"Hexagram" is a song by the American alternative metal band Deftones, and the second single from their eponymous fourth album. The cover art for the single is a work titled "Bandaged Love" by artist Ashley Macomber.

Music video
The black-and-white music video for "Hexagram" showed excited fans entering a building to watch a live performance of the song. As such, the majority of the video focused on this performance, with small exceptions like a shirtless, incapacitated Chino Moreno lying on the floor during the moody bridge. Audio for the video was taken entirely from the studio recording until the very end, which featured live crowd noise.

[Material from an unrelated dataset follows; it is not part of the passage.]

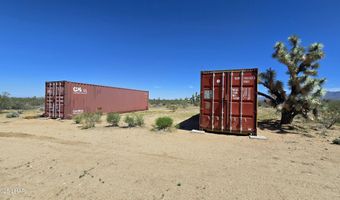 5558 E Red Barrel Rd, Yucca, AZ 86438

In contrast to the single's minimal radio play, the "Hexagram" video earned significant rotation on the more underground-oriented Headbangers Ball and Uranium in late 2003.

Reception
In reviewing Deftones, Stephen Thomas Erlewine wrote that "Hexagram", the album's opener, "hits hard—harder than they ever have, revealing how mushy Staind is, or how toothless Linkin Park is".

Covers
In 2010, metalcore band War from a Harlots Mouth recorded a cover of the song.

Track listing
All tracks written by Deftones.
 "Hexagram" – 4:09
 "Bloody Cape" – 3:36
 "Lovers" – 4:11

Charts

References

Deftones songs
2003 singles
Songs written by Chino Moreno
2003 songs
Maverick Records singles
Song recordings produced by Terry Date
Songs written by Stephen Carpenter
Songs written by Chi Cheng (musician)
Songs written by Abe Cunningham
Songs written by Frank Delgado (American musician)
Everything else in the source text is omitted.